— Records for processing —
§

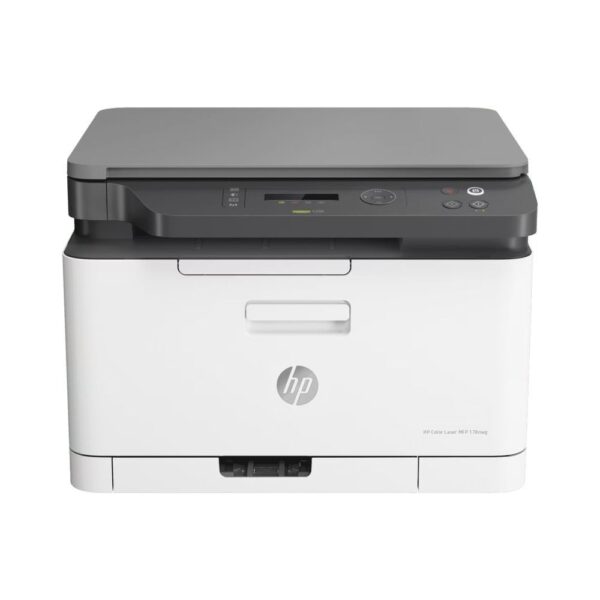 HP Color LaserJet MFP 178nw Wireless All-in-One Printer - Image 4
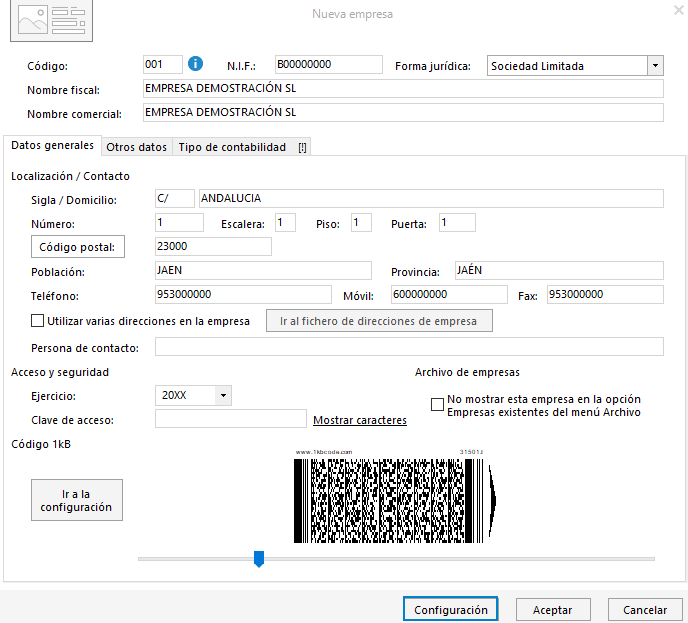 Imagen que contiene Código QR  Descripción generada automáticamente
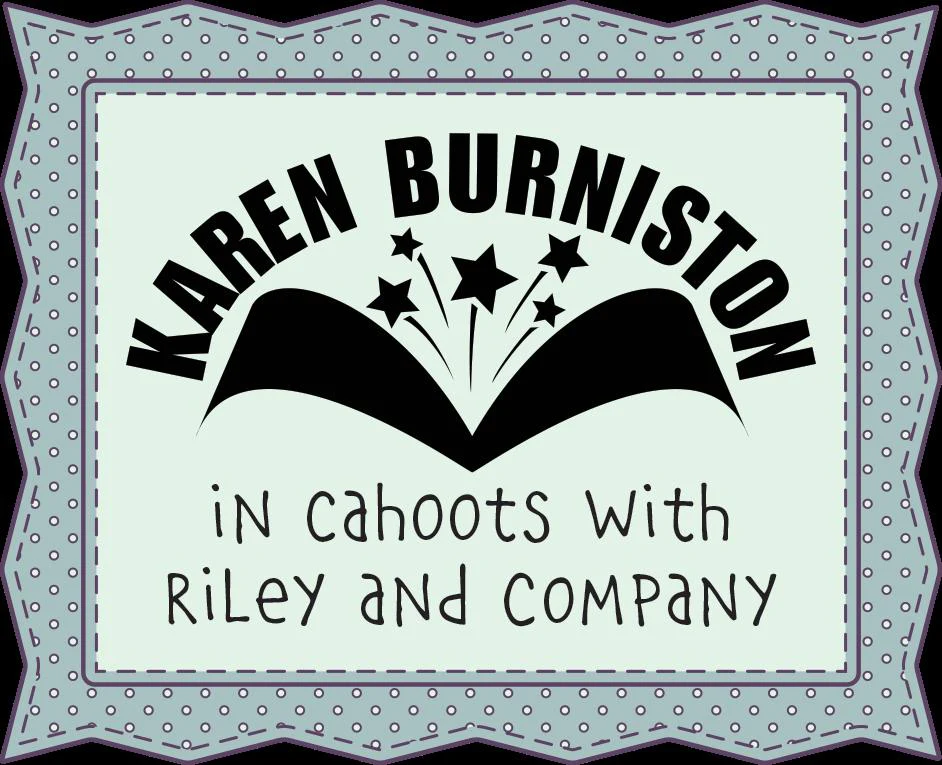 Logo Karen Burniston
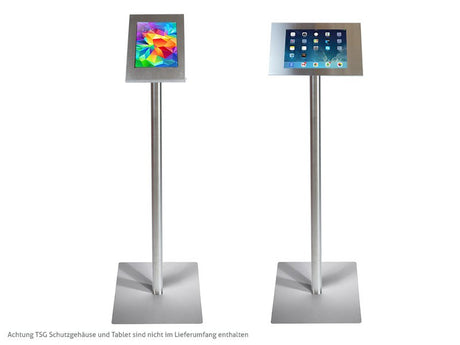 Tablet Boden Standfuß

§

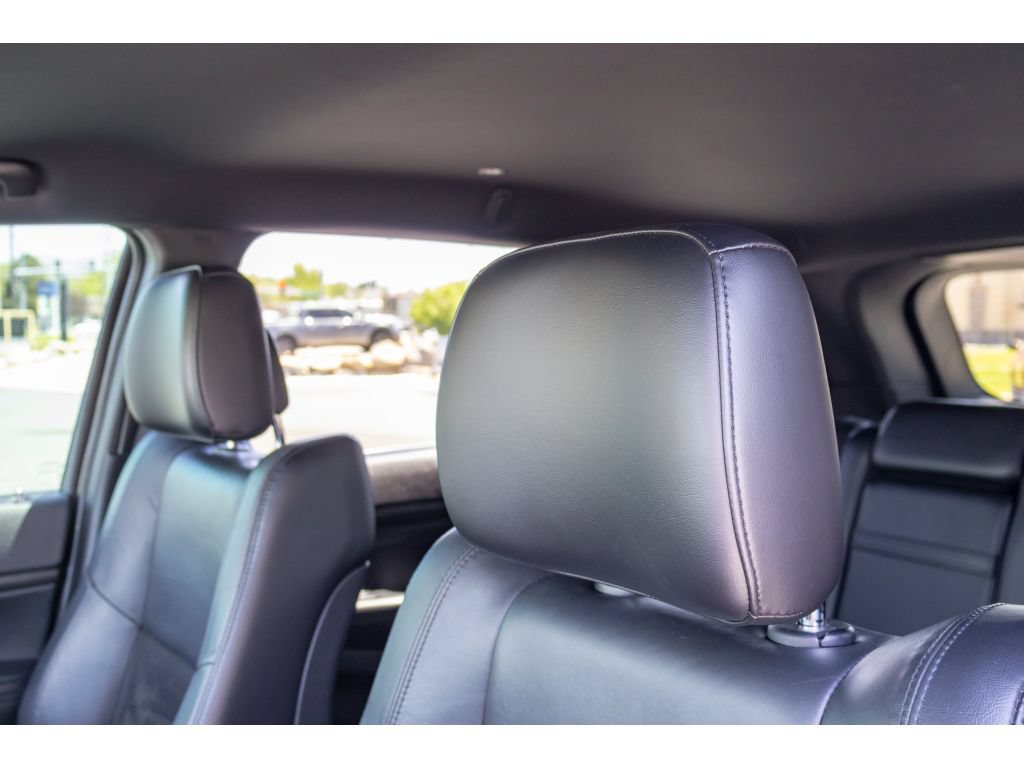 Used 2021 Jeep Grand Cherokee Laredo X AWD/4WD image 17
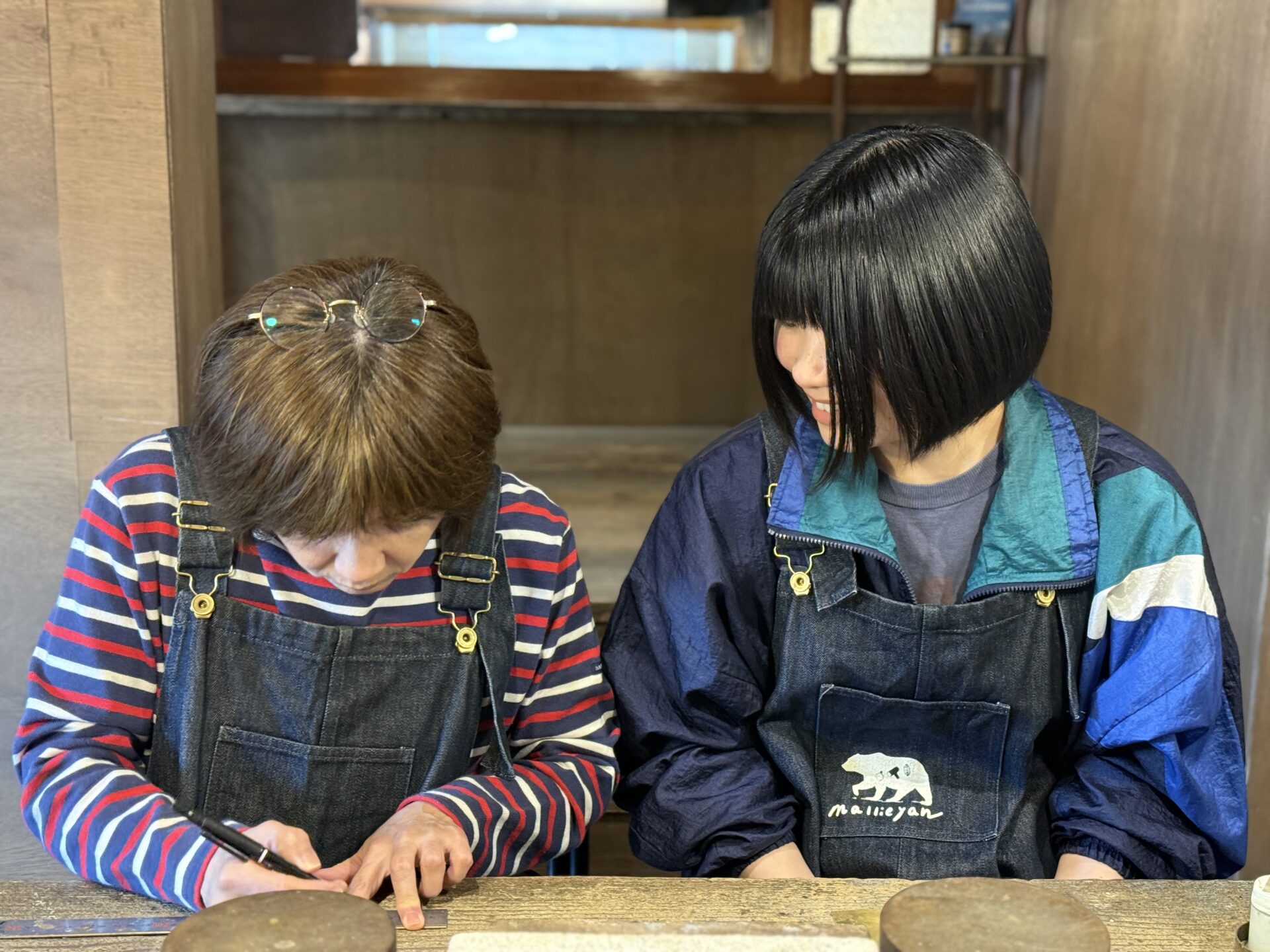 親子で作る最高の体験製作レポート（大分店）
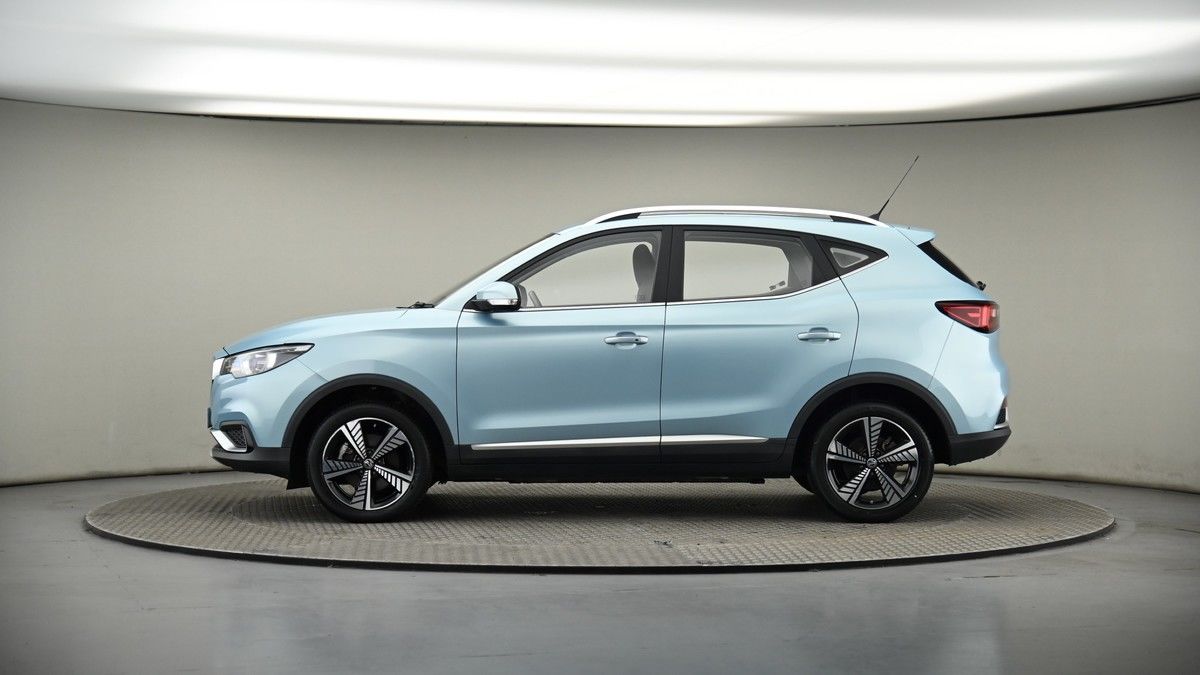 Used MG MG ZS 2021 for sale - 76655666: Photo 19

§

— Exercise requirements —
Within the listing above, print exactly the stretch beginning at the line that contains "HP Color LaserJet" and finishing at the line that contains "Tablet Boden Standfuß", ends kept, pictures left out, and nothing more.

— Task output —
 HP Color LaserJet MFP 178nw Wireless All-in-One Printer - Image 4
 Imagen que contiene Código QR  Descripción generada automáticamente
 Logo Karen Burniston
 Tablet Boden Standfuß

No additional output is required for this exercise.